Line 508: As mentioned before, consider removing extreme values before applying RMA regression, which is sensitive to the presence of outliers

Line 513: From Figure A1d, it seems that the problem is some quite high values of NDCI. This means that either the nominator is quite large (atmospheric correction not effectively removed using those bands) or the denominator is quite small. What are the typical values of Rrs and what are the values related to those extreme cases of NDCI?

Line 594: If I am not mistaken, this would lead to Chl-a underestimation, which is not the case here.

Line 718: The selection of the colormap may be misleading. Red is usually used for higher values and blue for the lower

Author Response

Thank you for your review. Please see the attachment.

Author Response File: Author Response.pdf

Reviewer 3 Report

Comments and Suggestions for Authors Although the manuscript is not innovative, it has certain application value. From the experimental results, it still needs a great improvement.There some comments that I hope will help you improving this manuscript.

(1)    In Introduction, the authors have reviewed what is comprehensive enough. I suggest the author to highlight the current problems of this topic and the contribution of the author's research.

(2)    Line 61, “This is information is often provided ….” this sentence needs to be revised.

(3)    In in situ data section, the in situ data is very important for the training of the model. It is suggested that the author should strengthen the description of the quantity and rationality of the in situ data.

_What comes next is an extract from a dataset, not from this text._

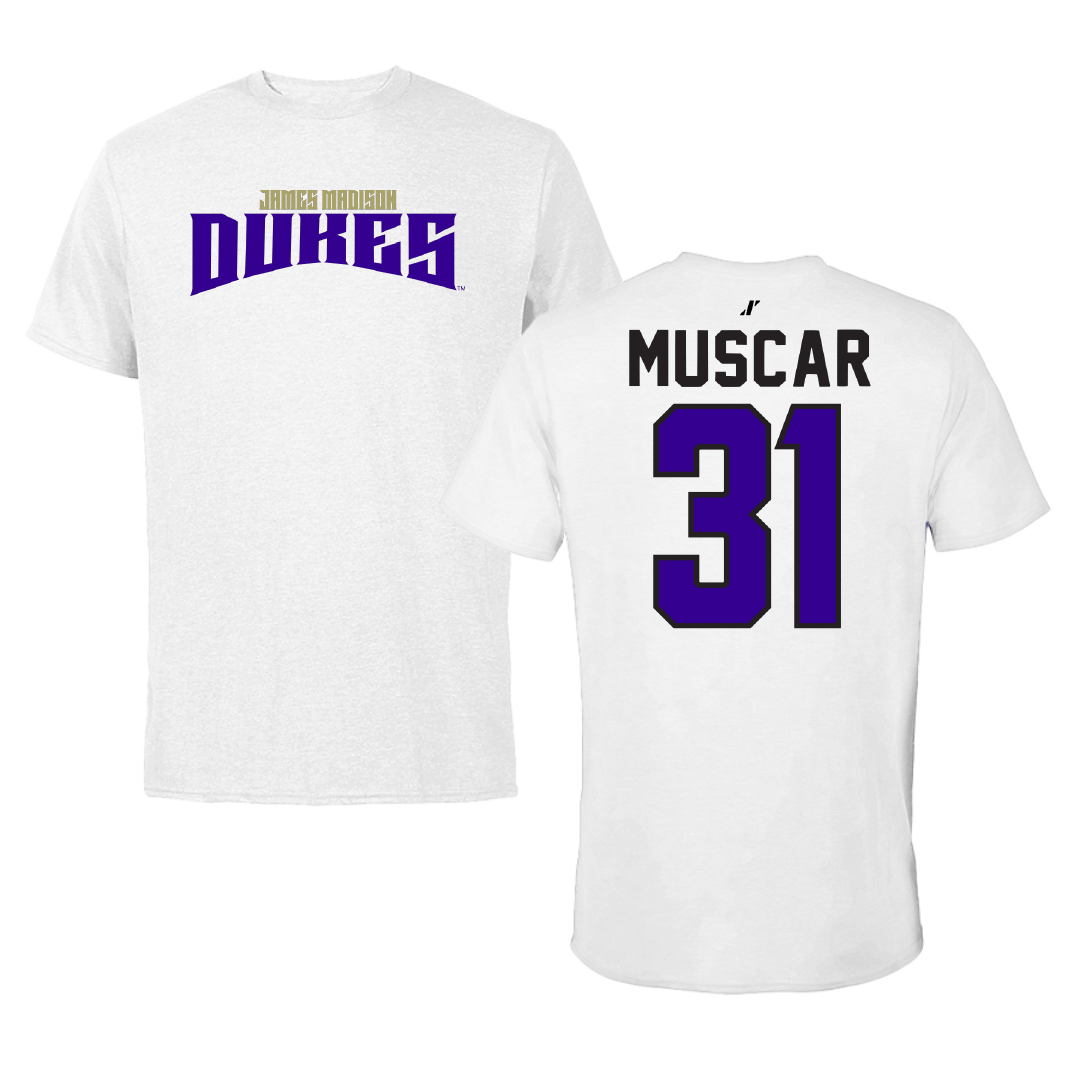 James Madison University Baseball White Classic Performance Tee - #31 Tyler Muscar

(4)    In algorithms section, the authors reviewed the MCI model. Here suggested that the authors clarify their application or improvement of the model.

(5)    From Figure 5 a and c, there is no consistency between in situ values and derived values, and this result is worrying. What is the reason? Can it be improved?

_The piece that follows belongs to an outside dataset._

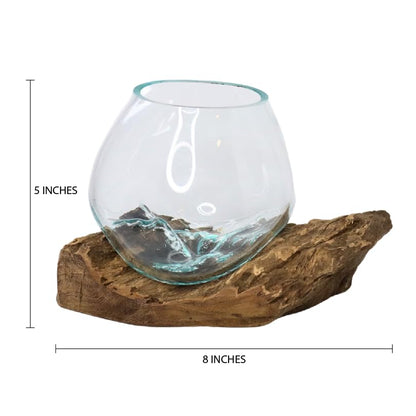 GamalFlow Medium Melted Glass Bowl On Wood Base, Perfect Terrarium or Planter, Brown, About 8" Wide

(6) From the Introduction section (“At high concentrations, chl a displays a distinct reflectance peak in the red edge spectral range near 700 nm”) and the Trophic state section (“Though both are measuring the reflectance peak at 705 nm, the maxi mum reflectance of the chl a spectral signal tends to be at shorter wavelengths, particularly at low concentrations”), Is there really a peak drift between different concentrations? What is the boundary between high and low concentrations, and what is the drift of spectral peaks corresponding to different concentrations?

Author Response

Thank you for your review. Please see the attachment.

Author Response File: Author Response.pdf

Round 2

Reviewer 2 Report

Comments and Suggestions for Authors

The comments have been addressed one by one in detail.